The game has no achievable end state or meaningful completion point. Progression systems reset, extend, or introduce new layers indefinitely to prevent the player from ever feeling done.

TM-2

Scheduled Coercion

Mechanics that require or pressure the player to play at specific times or intervals dictated by the game, rather than at the player's convenience.

TM-2a
Playing by Appointment
GP002

The game requires play at specific real-world times or schedules.

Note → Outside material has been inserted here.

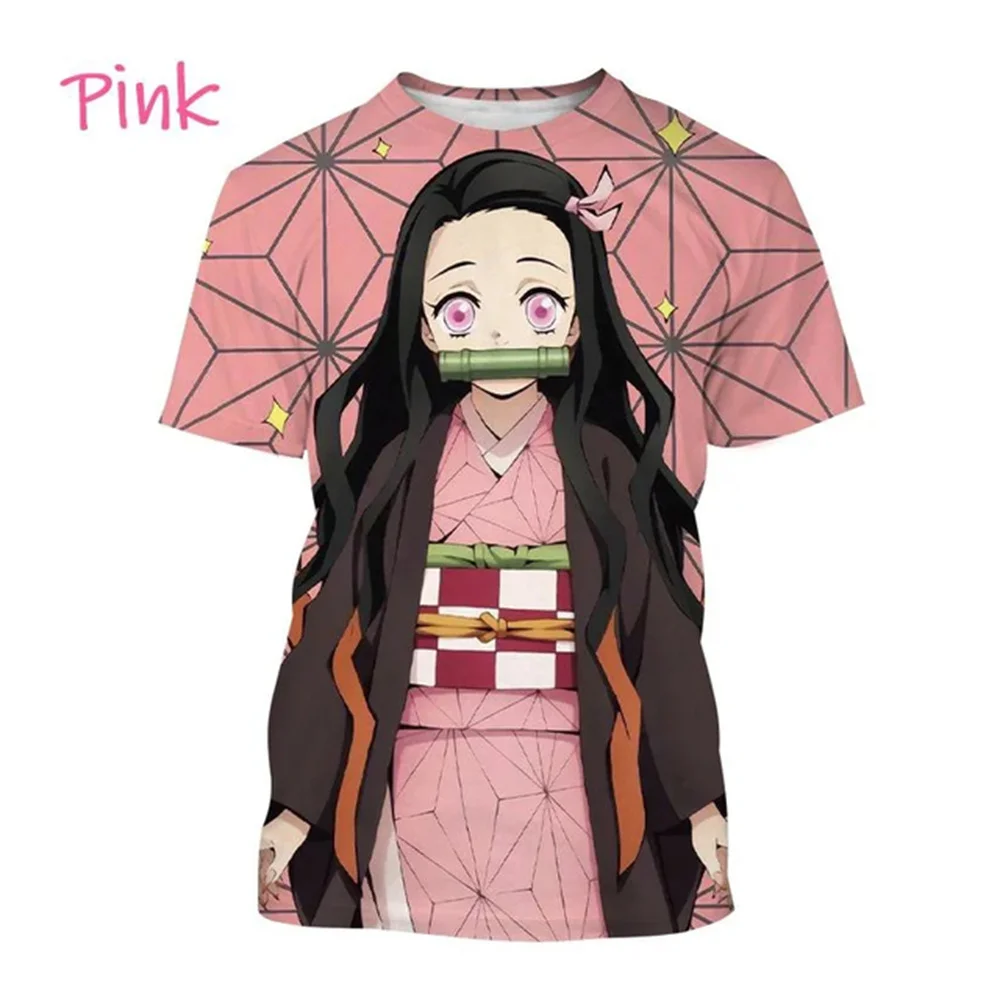 Summer Kamado Nezuko 3D Personality Anime Print T Shirt Fashion Men and Women Demon Slaye Short-sleeved Hip-hop Harajuku T-shirt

Missing the window results in loss of progress, resources, or opportunities (e.g., crops withering, raid windows closing).

TM-2b
Daily Rewards / Streak Pressure
GP003

Rewarding players for returning daily with escalating rewards for consecutive days and resetting or penalizing for breaking the streak, creating obligation to log in.

TM-3

Session Manipulation

Mechanics that artificially extend or constrain individual play sessions, preventing the player from playing at their own pace.

TM-3a
Can't Pause or Save
GP004

The game cannot be paused or saved during sessions, forcing the player to continue playing or lose progress. Creates pressure to extend sessions beyond intention.

TM-3b
Wait to Play / Energy Systems
GP005, GP033

Requiring players to wait real-world time (energy bars, stamina, timers) before they can perform actions or continue playing, incentivizing payment to skip the wait.

TM-4

Forced Ad Exposure

Requiring or heavily incentivizing the player to watch advertisements, consuming their time in exchange for continued play or in-game rewards.

TM-4a
Mandatory / Incentivized Ads
GP014

Ads that the player must watch to continue (mandatory) or that offer in-game rewards for watching (incentivized), blurring the line between gameplay and advertising.

5. Cross-Reference — Mathur / Narayanan Framework

Alongside the primary LOW code, you may attach one or more cross-reference tags from the Mathur/Narayanan autonomy framework. These are optional and exist so the dataset stays comparable to the broader dark-patterns literature. The framework groups twenty-five Dark Strategies (DS) under seven Ethical Considerations (EC).

Categories unavailable — please retry.

6. Writing Descriptions

Good descriptions are concise and objective. Each description should answer:

  1. What is the UI element or flow being documented?
  2. Where does it appear in the game (menu, shop, loot box, etc.)?
  3. How does it manipulate or deceive the user?

Example

"The 'Decline' button in the battle pass upsell dialog uses a muted grey (#aaa) at 11px, while the 'Buy Now' button uses a saturated gold at 18px bold. The visual hierarchy strongly favours the purchase action, consistent with PE-4a (Aesthetic Manipulation) and the Mathur DS07 (Visual bias) cross-reference."

7. Editing Window

After submitting evidence, you have a 20-minute editing window to correct mistakes in the title, description, categories, and annotation regions. After this window closes, the submission becomes immutable to preserve the integrity of the dataset.

If you discover a significant error after the editing window, submit a new evidence entry with the corrected information and note the original submission ID in the description.